In una playlist di Gabriel non poteva certo mancare questa spettacolare ballata, probabilmente una delle sue migliori dove ogni parola a corredo della descrizione si rivela superflua e, dunque, non resta che commuoversi cantando il ritornello a squarciagola (“Lord, here comes the flood”/”We’ll say goodbye to flesh and blood”/”If again the seas are silent in any still alive”/”It’ll be those who gave their island to survive”) e lasciandosi trasportare dalle chitarre di Fripp.

3. Sky Blue
2002, da “Up”

L’ultimo tassello della “trilogia” arriva a ben dieci anni di distanza da “Us” e ci regala un Gabriel come non mai attento ai dettagli. E, infatti, la cura dei brani in “Up” – settimo album in studio – è maniacale, gli arrangiamenti sopraffini che si riverberano in un’atmosfera cupa e nostalgica che caratterizza l’intera tracklist. Questa “Sky Blues” è meravigliosa e pare che l’artista inglese ci abbia lavorato per 10 anni prima di completarla.

2. Solsbury Hill
1977, da “Peter Gabriel I: Car”

Brano che non ha bisogno di presentazioni e che probabilmente meriterebbe il gradino più alto del podio di questa top ten se non fosse per la numero uno… Accompagnato da una sorta di particolare country-folk, “Solsbury Hill” segna il debutto solista di Gabriel dopo aver lasciato i Genesis. La canzone è stata scritta dopo un’esperienza spirituale avuta dall’artista in cima a Little Solsbury Hill nel villaggio di Batheaston nel Somerset, in Inghilterra.

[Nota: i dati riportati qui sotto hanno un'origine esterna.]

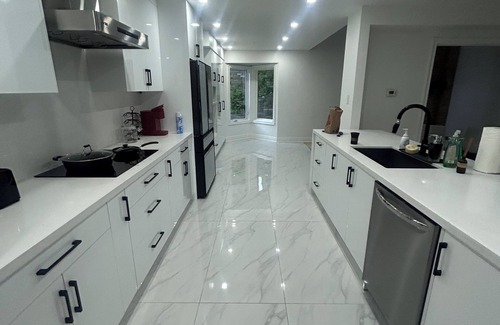 London Maison | Nice house walking distance to western university,3500sq renovation property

1. Games Without Frontiers
1980, da “Peter Gabriel III: Melt”

Beh, per quanto mi riguarda, primo posto più che scontato. Brano pazzesco che si riferisce a “Jeux sans frontières” (“Giochi senza frontiere”) , noto un programma televisivo trasmesso in diversi paesi europei. Il sound acustico si mescola a quello dei synth con i cori di Kate Bush che danno vita ad un pezzo indimenticabile e trascinante.